L’ânier, boiteux aussi, vous demandera de lui ramasser quelques brins
de bois tombés de sa charge ; passez outre, et ne répondez mot.
Bientôt vous arriverez au fleuve de l’Érèbe. Charon est là, exigeant
son péage ; car ce n’est qu’à prix d’argent qu’il passe les arrivants sur
l’autre rive. Ainsi l’avarice vit encore chez les morts ! Ni Charon, ni
Pluton même, ce dieu si grand, ne font rien pour rien. Le pauvre en
mourant doit se mettre en fonds pour le voyage : nul n’a droit de rendre
l’âme que l’argent à la main.
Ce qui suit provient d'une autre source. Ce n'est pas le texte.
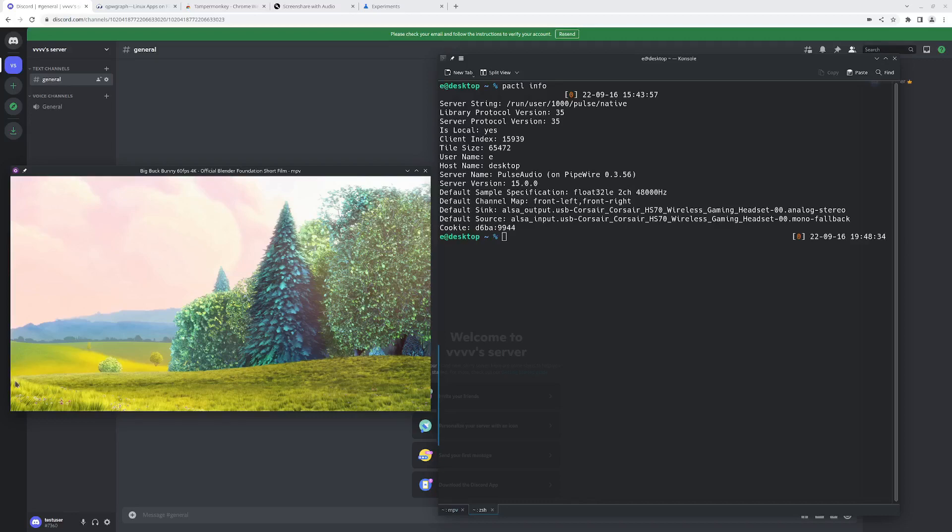So as of right now, 2022, Discord on Linux doesn't support streaming with audio. Luckily there is a workaround, but it doesn't seem many people know about it, so I decided to make a video explaining it.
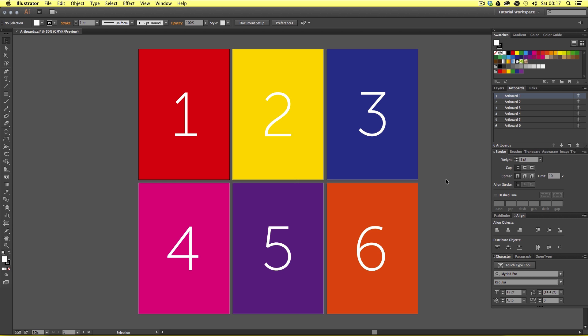So what are artboards in Adobe Illustrator? To put it simply, they are canvases that make up a document. Adobe Illustrator allows you to create multiple artboards in a document. This is useful if you want to create small document spreads like a leaflet or a flyer, or simply expand your workspace area to create various versions of your artwork. You could even use this method to create digital presentations.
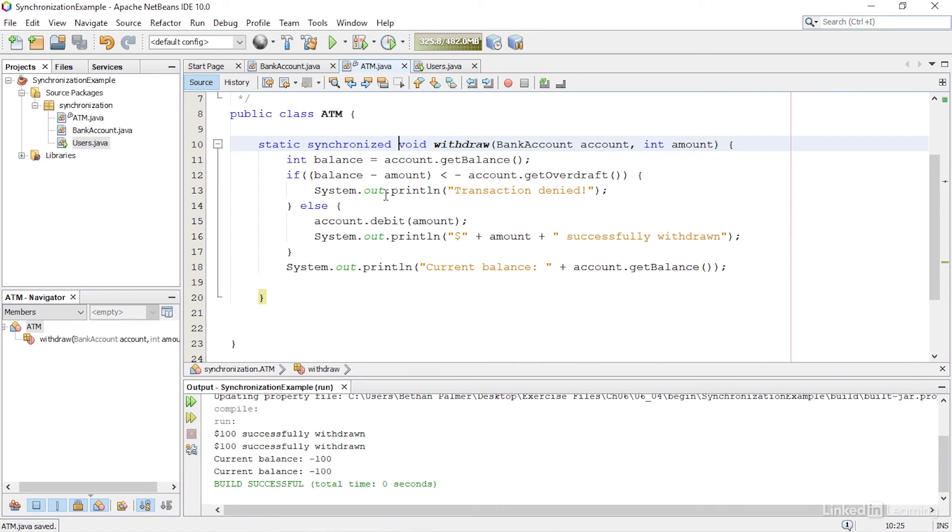This means that now only one thread can enter this method at a time. So the first thread will enter the method, get the balance which will be $100, then withdraw $100. So the balance is now $0.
Vous donnerez à ce hideux vieillard, à
titre de péage, une de vos deux pièces de monnaie. Il faut qu’il la
prenne de sa main à votre bouche. En traversant cette onde stagnante,
vous verrez flotter le corps d’un vieillard, qui vous tendra ses mains
cadavéreuses, vous priant de le tirer à vous dans la barque. La
compassion ne vous est pas permise ; n’en faites rien.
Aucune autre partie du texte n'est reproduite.